Yüzdeki döküntüler: türleri, bölgelerine göre ortaya çıkış nedenleri, ne yapılmalı ve nasıl tedavi edilmeli
Yüzdeki döküntüler neredeyse her insanda zaman zaman ortaya çıkar; nedenlerine bakılmaksızın, hayatı zorlaştırır ve moral bozarlar. Özellikle yüzdeki döküntüler önemli bir olay öncesinde ortaya çıkarsa ve fotoğraflarda kalırsa çok can sıkıcı olur.
Ancak, bu sadece dış görünümü bozan kozmetik bir kusur değildir. Genellikle, döküntüler vücutta bazı problemler olduğunu gösterir ve yüzün belirli bölgelerinde yerleşimlerine göre bu sorunların niteliği hakkında fikir verir.
Yüzdeki döküntü türleri
Döküntüler, farklı etiyolojiye sahip kusurlar için genel bir terimdir. Görünüşlerine göre, yüz ve vücut derisindeki döküntülerin ana türleri aşağıdaki gibi sınıflandırılır:
- Komedonlar. Açık ve kapalı olabilir. Ortasında bir nokta bulunan küçük bir tümsek gibi görünürler. Beyaz renkte veya beyaz bir tanecik şeklinde olan komedonlara kapalı komedonlar veya miliumlar denir. Zamanla sivilcelere dönüşürler. Siyah noktalı komedonlar açık komedonlardır. İçeriklerini dışarı çıkarırlar, yağlı tıkanıklıkların dış kısmı okside olur ve kararır. Komedonlar iltihaplanmamış elementlerdir. Diğer döküntü türleri iltihaplanma ile karakterizedir.
- Papüller — iltihaplanmış komedonlardır, içlerinde irin bulunmaz. Kızarık tümsekler gibi görünürler.

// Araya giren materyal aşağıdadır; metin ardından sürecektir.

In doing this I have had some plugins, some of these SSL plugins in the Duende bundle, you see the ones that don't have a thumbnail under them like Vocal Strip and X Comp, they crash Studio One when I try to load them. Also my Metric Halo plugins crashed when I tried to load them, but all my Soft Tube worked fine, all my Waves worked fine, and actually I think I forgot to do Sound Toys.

- Püstüller — enfeksiyon gelişmiş ve irinli içerik oluşmuş papüllerdir. Püstüllerin etrafındaki cilt iltihaplanır ve kızarır. Püstüllerin şekli koni, küresel veya düz olabilir, başlarının rengi beyazdan sarıya veya yeşilimsi olabilir.
- Nodüller (düğümcükler) — deri altındaki sert papüllerdir, parlak kırmızı, mor veya mavi renkte olabilir. Cilt yüzeyinden yükselirler, irinli akıntılarla birlikte olabilirler. İyileştikten sonra iz veya pigment lekesi bırakırlar.

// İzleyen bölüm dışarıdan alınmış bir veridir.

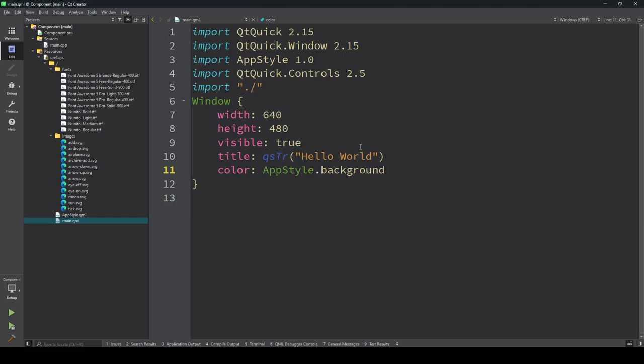Hi guys, in the last video we saw how to register C++ classes in Qt and use them on the QML side. We also studied how to register QML files in C++ and use them in QML. Similarly, we created a simple project here.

- Kistik sivilceler — genellikle fistüllerle birbirine bağlı iltihaplı irinli oluşumlardır.
- Veziküller — şeffaf sıvı ile dolu, çapı 5 mm’ye kadar olan küçük kabarcıklardır.
- Kabarcıklar — ısırgan otu yanığı gibi iltihaplı tümsekler.
- Eritem — parlak kırmızı küçük döküntüler.
Yetişkinlerde yüzdeki çeşitli döküntülerin ortaya çıkış nedenleri
Yüzdeki döküntüleri tedavi etmeden önce, ortaya çıkış nedenlerini anlamak önemlidir.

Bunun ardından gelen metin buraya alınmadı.